▸ **Task description**
For the entries that follow, restate word for word the line containing "NieYat Reh Geweih", the line containing "Blue White Silver", and every line that lies between them.

Records drawn from a dataset
________________________
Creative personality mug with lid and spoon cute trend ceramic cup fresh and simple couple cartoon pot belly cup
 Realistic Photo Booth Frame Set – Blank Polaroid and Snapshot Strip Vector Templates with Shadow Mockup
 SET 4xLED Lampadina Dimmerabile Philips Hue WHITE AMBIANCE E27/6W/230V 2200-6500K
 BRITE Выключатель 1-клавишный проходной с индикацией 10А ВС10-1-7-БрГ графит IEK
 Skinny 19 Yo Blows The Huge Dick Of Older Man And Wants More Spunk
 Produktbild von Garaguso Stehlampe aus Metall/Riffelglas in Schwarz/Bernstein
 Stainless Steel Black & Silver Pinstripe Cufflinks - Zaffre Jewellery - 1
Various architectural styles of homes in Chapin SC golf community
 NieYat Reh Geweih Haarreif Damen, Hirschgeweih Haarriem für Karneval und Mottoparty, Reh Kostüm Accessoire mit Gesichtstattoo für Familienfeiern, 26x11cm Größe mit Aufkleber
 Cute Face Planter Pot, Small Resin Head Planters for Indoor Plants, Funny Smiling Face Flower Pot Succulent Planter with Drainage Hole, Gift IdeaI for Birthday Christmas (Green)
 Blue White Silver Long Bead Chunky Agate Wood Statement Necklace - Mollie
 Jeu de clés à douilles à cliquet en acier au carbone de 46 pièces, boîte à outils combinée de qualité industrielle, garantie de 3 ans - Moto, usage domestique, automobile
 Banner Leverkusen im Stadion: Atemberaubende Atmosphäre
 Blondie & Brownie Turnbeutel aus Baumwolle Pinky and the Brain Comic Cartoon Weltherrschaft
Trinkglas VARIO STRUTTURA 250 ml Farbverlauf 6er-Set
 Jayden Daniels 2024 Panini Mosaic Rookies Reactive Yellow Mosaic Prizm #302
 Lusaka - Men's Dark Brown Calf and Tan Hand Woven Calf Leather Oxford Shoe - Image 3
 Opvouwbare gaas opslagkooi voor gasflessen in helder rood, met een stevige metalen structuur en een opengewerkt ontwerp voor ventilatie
________________________
▸ **Solution to the problem**
 NieYat Reh Geweih Haarreif Damen, Hirschgeweih Haarriem für Karneval und Mottoparty, Reh Kostüm Accessoire mit Gesichtstattoo für Familienfeiern, 26x11cm Größe mit Aufkleber
 Cute Face Planter Pot, Small Resin Head Planters for Indoor Plants, Funny Smiling Face Flower Pot Succulent Planter with Drainage Hole, Gift IdeaI for Birthday Christmas (Green)
 Blue White Silver Long Bead Chunky Agate Wood Statement Necklace - Mollie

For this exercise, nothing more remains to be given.